People

Spiritual or Secular

By Connie Arnold

Sometimes we try to split our lives into two parts: One spiritual; one secular. Have you heard it said of someone that “he’s so spiritually minded that he’s of no earthly good”? I don’t know who can take the responsibility (credit?) for throwing out this observation but let’s delve into it. It’s a definition for those who seem to live in a spiritual world without concern for the every-day matters: someone who’s head is in the clouds, unaware of the mud on his feet.

My grandparents had ten children, two of whom died in infancy. The family made their home on a farm, taking their livelihood from the land. For entertainment at night after supper, my Grandpa Smith would sit on the front porch with the kids and sing ballads and hymns. My Aunt Audrey strummed the guitar, my mother would play the mandolin, and one of the boys would blow on the harmonica. While not a Christian in the earlier part of his life, my Grandpa Smith was an honest, God-fearing man. “Listen to your Ma,” he’d say. “Do as she teaches you.”

Mom Smith, my grandmother, fed her hungry family on prayer and a very large garden. The food harvested all summer long was canned, dried, and stored in the root cellar along with Irish potatoes, sweet potatoes, and other cold-weather crops. Some cabbage would be turned into sauerkraut and packed in crocks to spice up winter meals. Chickens produced eggs for the table as well as for selling. Two cows gave all the milk they needed for drinking; for making cottage cheese; and butter was churned from the cream, leaving buttermilk for biscuit-and-cornbread making. Grandpa would kill and cure a hog, hanging it in the smokehouse. Lard would be rendered.

No motors eased the chore of farming. Grandpa Smith used the mule to plow the crop land and prepare the garden plot. His cash crops purchased flour, sugar, and cornmeal which would be stored in the winter-cold attic. They tried to store up a little extra, because their nearest neighbor always seemed to run out of flour and cornmeal. My grandparents were just ordinary people doing ordinary things like others who lived in the country. During the Depression, they never lacked for food.

One early spring morning when planting was to begin in earnest, Grandpa Smith came into the kitchen from the barn with bad news. “Ma,” he said, “the mule is down in the barn. Looks like ‘Ole’ Jack will not be able to get up again. Don’t know how we’ll be able to get the crops out, let alone dig the garden.” With a sigh, he sat down at the breakfast table, poured his coffee into a saucer, and sipped the hot, black liquid.

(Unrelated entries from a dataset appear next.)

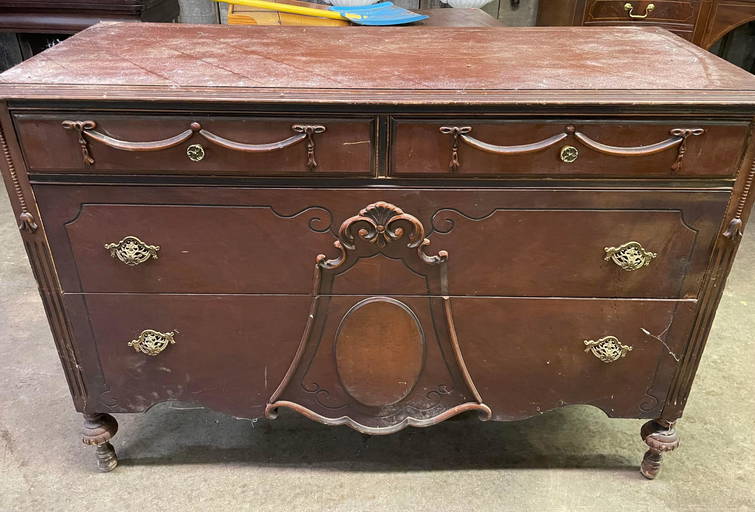 Antique 4 Drawer Dresser Fair Condition (0088) on Mar 24, 2023 Swisher Bros. Auction LLC in KY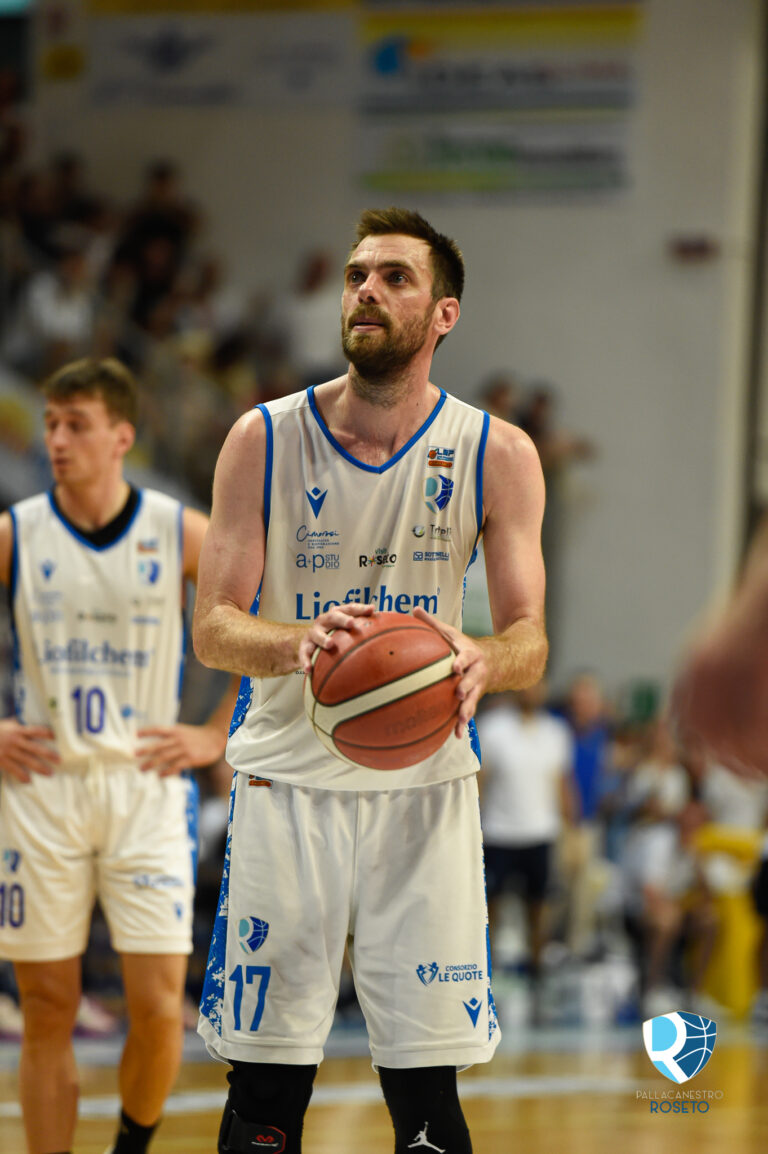 Μαντζαρης Σλουκας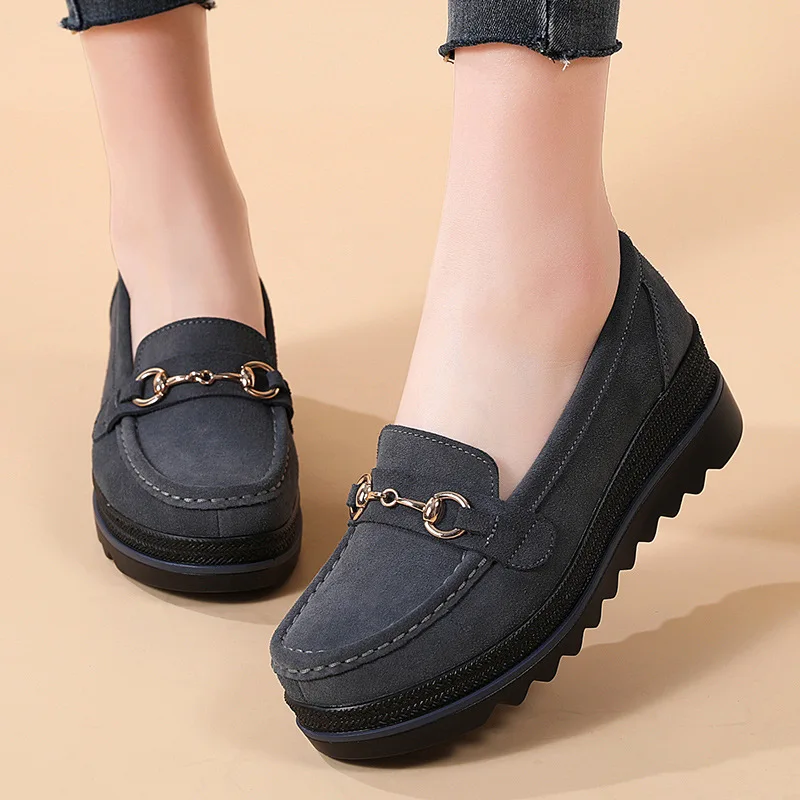 

Autumn High Quality Fashion Women Shoes Light Comfort Flas Platform Shoes Metal Buckle Casual Mother Shoes Wedge Women Loafers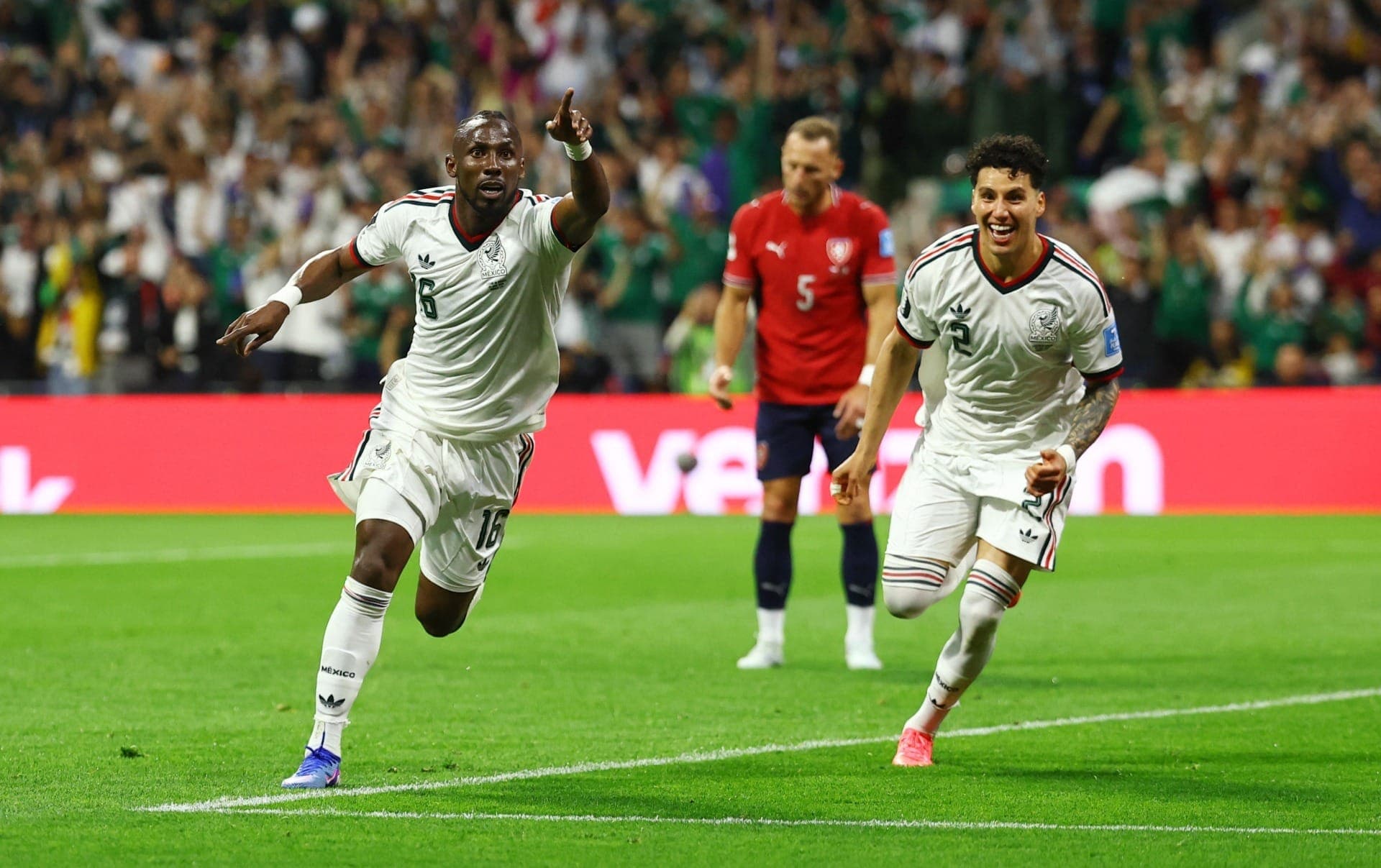 México venceu a República Tcheca na despedida do Grupo A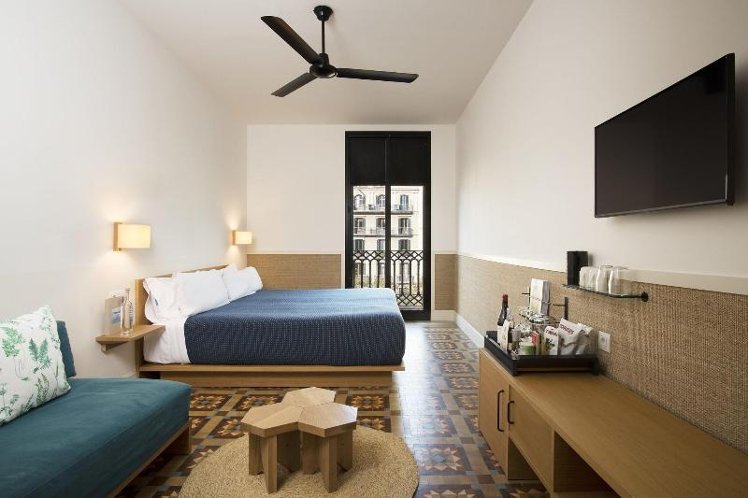 TRIPLE PREMIER Room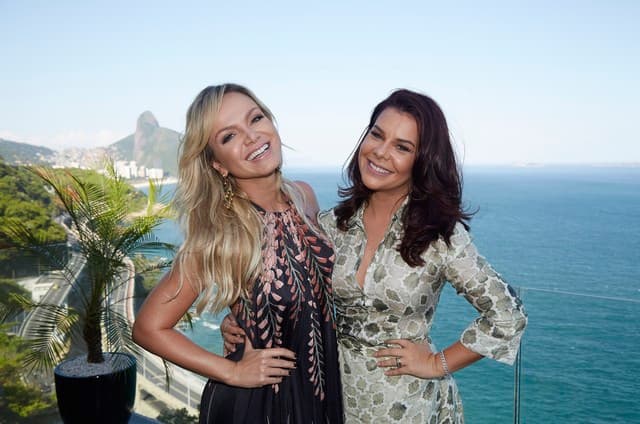 Eliana grava programa com Fernanda Souza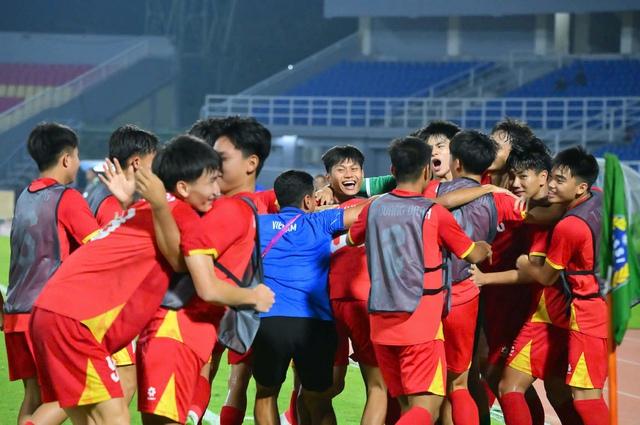 U.17 Việt Nam tái đấu U.17 Malaysia: Chứng minh năng lực, viết lại lịch sử bóng đá trẻ!- Ảnh 2. U.17 Việt Nam tái đấu U.17 Malaysia: Chứng minh năng lực, viết lại lịch sử bóng đá trẻ!- Ảnh 2.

Evening-time milking came, and Mom Smith took her two pails and went to the barn. ‘Ole’ Jack still lay in the same place, eyes closed, breathing shallow. She went over, knelt down, and placed her hand on the mule’s head. “Lord, you know that we need this mule. I’m asking you to heal him,” she prayed. At that moment the spiritual and secular came together. The earthly problem needed a divine solution.

(II Kings 6:1-6) The disciples of the prophets said to Elisha, “The place where we’re staying is too small for all of us.” Elisha agreed that they should build a larger facility to house them all. He went with them while the disciples got their axes and proceeded to the trees that grew along the Jordan River. In the process of chopping into the wooden trunks, an axe head flew off of the handle and sank into the water of the Jordan River.

“Oh, no, master!” said a disciple to Elisha. “It was borrowed.” Another secular problem needing a divine solution.

“Where did it fall?” Elisha asked. When they showed him, he threw a piece of wood into the water, and the ax head floated. The disciple was able to reach it and pick it up.

The next morning on the Smith farm, my grandfather could be seen harnessing ‘Ole’ Jack to begin the springtime planting. The mule continued to live for many years, working in the fields and giving the children many hours of pleasure ‘horseback’ riding.